3) Purposes & legal bases (GDPR Art. 6)
| Purpose | Data | Legal basis |
|---|---|---|
| Deliver waitlist/newsletter emails | Email, consent | Consent (Art. 6(1)(a)); alternatively Contract when you request the free kit (Art. 6(1)(b)) |
| Run the Site & prevent abuse | Technical logs, IP (short-term) | Legitimate interests in operating a secure service (Art. 6(1)(f)) |
| Analytics & product improvement | Event data, UTM, session info | Consent (Art. 6(1)(a)) via cookie banner |
| Attribution/measurement | UTM, first/last touch source | Consent (Art. 6(1)(a)) |
| Respond to inquiries | Email content, metadata | Legitimate interests in customer support (Art. 6(1)(f)) |
| Legal compliance | Records necessary under law | Legal obligation (Art. 6(1)(c)) |
You can withdraw consent at any time (see Section 9).
4) Where data comes from
- Directly from you (forms, emails).
- From your browser (referrer, UTM parameters, device data).

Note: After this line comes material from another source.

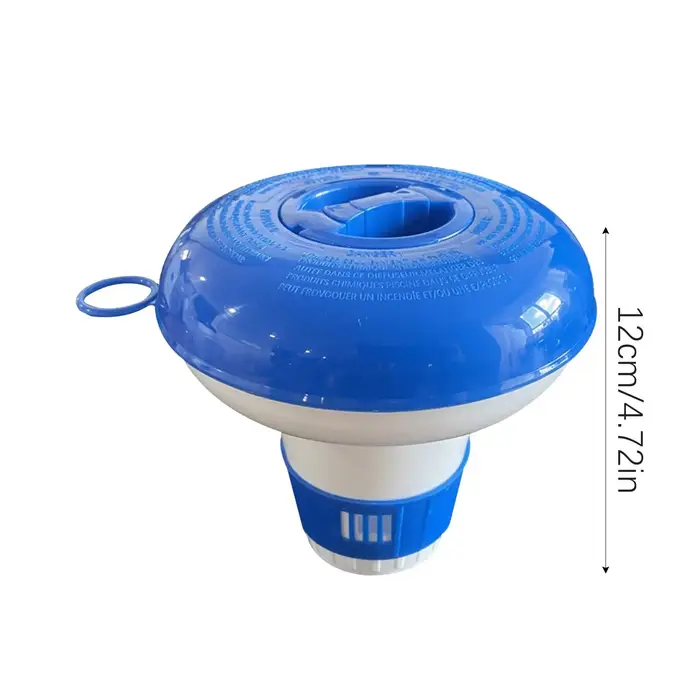 Flotteur de piscine pour pastilles de chlore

- From our processors listed in Section 6 (e.g., email platform reporting opens/clicks).
5) Retention
- Email list data: until you unsubscribe or request deletion.
- Analytics events: typically 14 months (or shorter if configured).
- Server/edge logs: typically ≤ 30 days, unless needed to investigate security issues.
- Support emails: up to 24 months after last contact, unless deletion is requested.
We may anonymize/aggregate data for longer-term trend analysis.
6) Processors & data sharing
We use trusted processors to operate the Site. Each processes data solely on our behalf and under a contract (GDPR Art. 28).
- Hosting & deployment: Vercel — serves the Site and static assets (may capture transient logs like IP and request metadata).
- Analytics & experimentation: PostHog — privacy-friendly analytics, funnels, and (optionally) session replay. Only activated with your consent. We mask inputs and respect consent choices.
- Email delivery & list management: Loops — stores your email, manages double opt-in and sequences, tracks link clicks (for deliverability and engagement).
- Link management & attribution: Dub.co — short links with UTM parameters and click metrics when you use our shared links.
- Consent management: Cookiebot/ConsentManager — displays consent banner and stores your choices.
We may disclose data if required by law or to protect our rights, users, or the public.
7) International transfers
Some processors may process data outside the EEA/UK (e.g., the United States). Where this occurs, we rely on:
- Adequacy decisions (if applicable), and/or
- Standard Contractual Clauses (SCCs) approved by the European Commission, plus supplementary measures as needed.
You can request details of transfer safeguards at privacy@yangot.studio.
8) Your rights (EEA/UK)
You have the right to:
- Access your personal data.
- Rectify inaccurate or incomplete data.
- Erase your data ("right to be forgotten").
- Restrict processing in certain cases.
- Object to processing based on legitimate interests.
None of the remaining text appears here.